'''
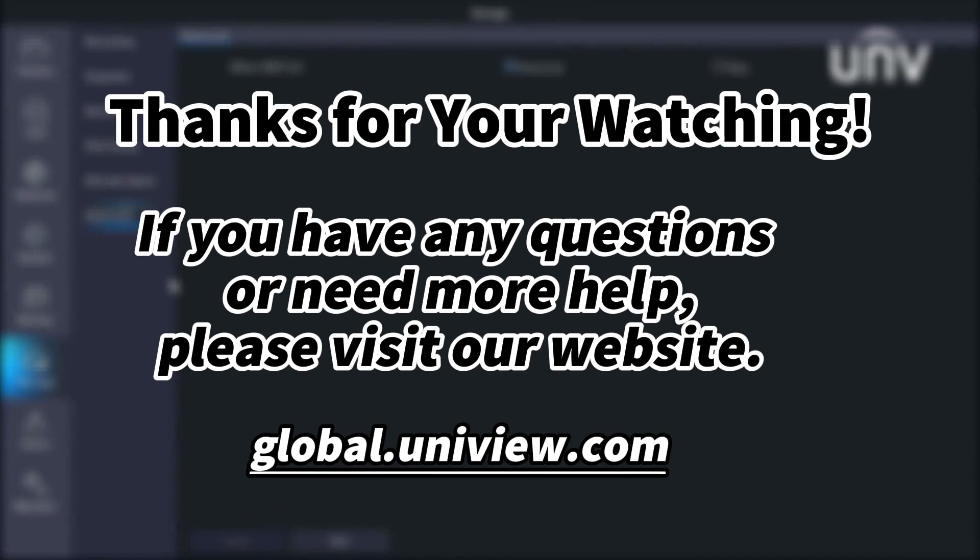That's all for today's learning. Hope this will be helpful to you. Thanks for your watching. See you next time.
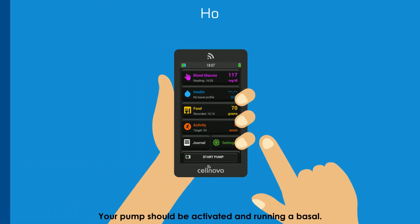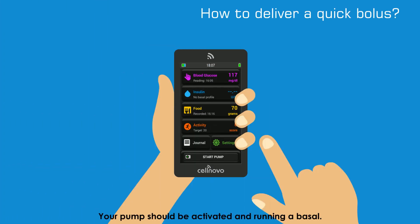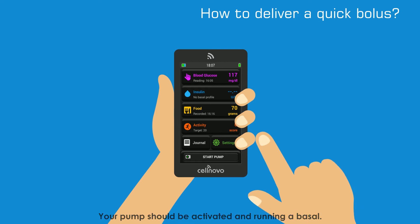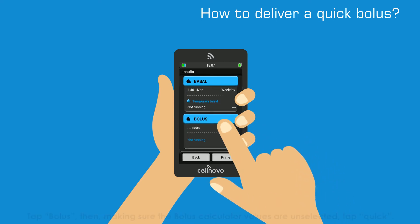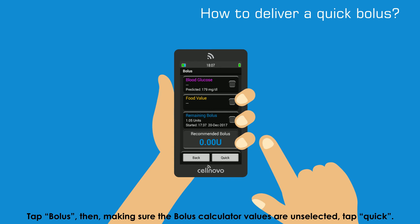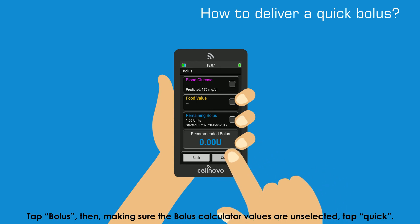Your pump should be activated and running a Basal. Go to the Insulin app. Tap Bolus and then, making sure the Bolus calculator values are unselected, tap Quick.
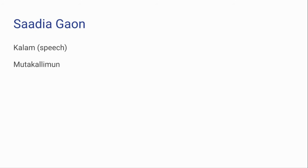And Kalam, which is analogous to philosophy, was practiced by Mutakallimun, which would be the Kalam equivalent of philosophers.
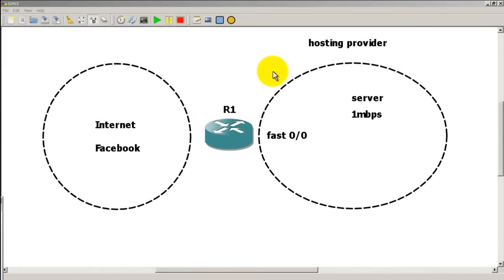Hello everyone, welcome to another Router Gods video. My name is Humphrey Cheung and let's play around with some rate limiting on an interface.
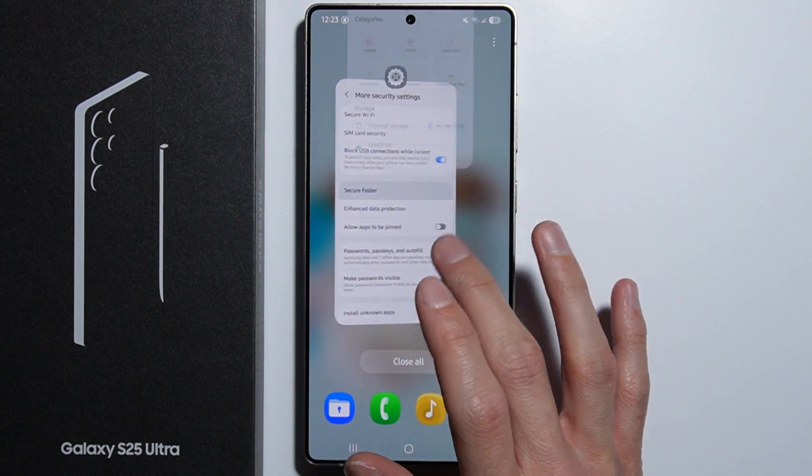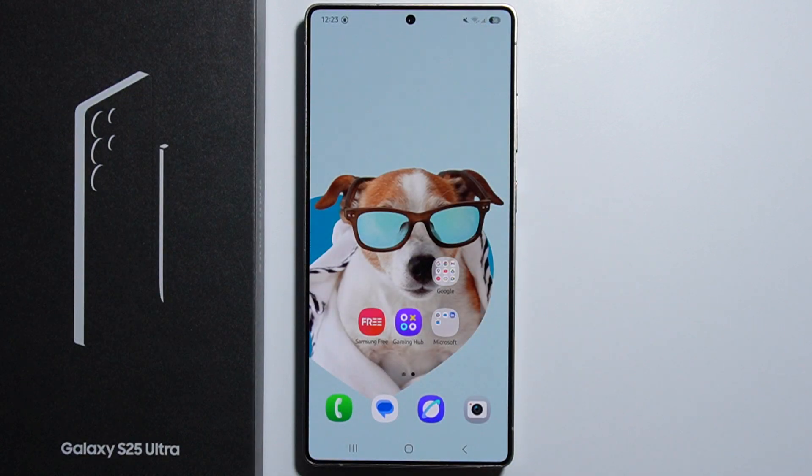That's how to clone applications on your Samsung Galaxy S25 Ultra. Thank you for watching.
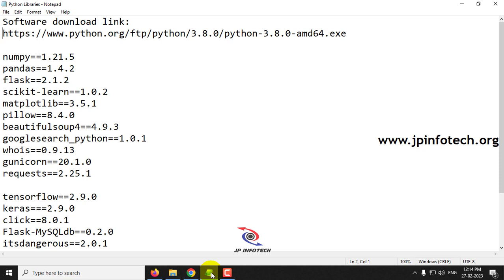Kindly note that in Python, you need to use the exact version of Python, or else you may get some errors while executing the project. You need to use the exact version of Python and the exact version of the libraries that were used during developing the project.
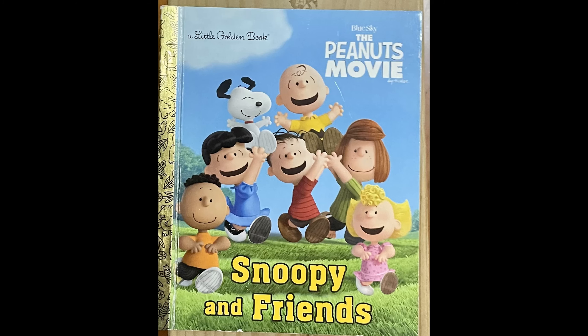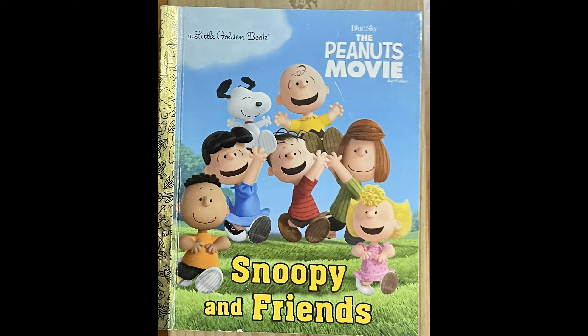A Little Golden Book: The Peanuts Movie - Snoopy and Friends. Copyright 2015 by Peanuts Worldwide LLC. Good old Charlie Brown.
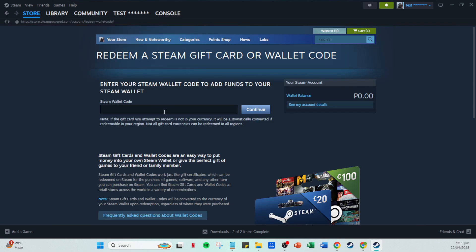Now enter your gift card or wallet code into the field provided. Be sure to enter all characters correctly. Typos can cause issues in redeeming the card, so double check your input. Once the code is entered, click continue. Steam will then redeem the code, crediting your account with the card's funds.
'''
• Activity:
Word for word, copy all the entries above, but with no pictures.

• Expected output:
That's all for today's learning. Hope this will be helpful to you. Thanks for your watching. See you next time.
Your pump should be activated and running a Basal. Go to the Insulin app. Tap Bolus and then, making sure the Bolus calculator values are unselected, tap Quick.
And Kalam, which is analogous to philosophy, was practiced by Mutakallimun, which would be the Kalam equivalent of philosophers.
Hello everyone, welcome to another Router Gods video. My name is Humphrey Cheung and let's play around with some rate limiting on an interface.
That's how to clone applications on your Samsung Galaxy S25 Ultra. Thank you for watching.
Kindly note that in Python, you need to use the exact version of Python, or else you may get some errors while executing the project. You need to use the exact version of Python and the exact version of the libraries that were used during developing the project.
A Little Golden Book: The Peanuts Movie - Snoopy and Friends. Copyright 2015 by Peanuts Worldwide LLC. Good old Charlie Brown.
Now enter your gift card or wallet code into the field provided. Be sure to enter all characters correctly. Typos can cause issues in redeeming the card, so double check your input. Once the code is entered, click continue. Steam will then redeem the code, crediting your account with the card's funds.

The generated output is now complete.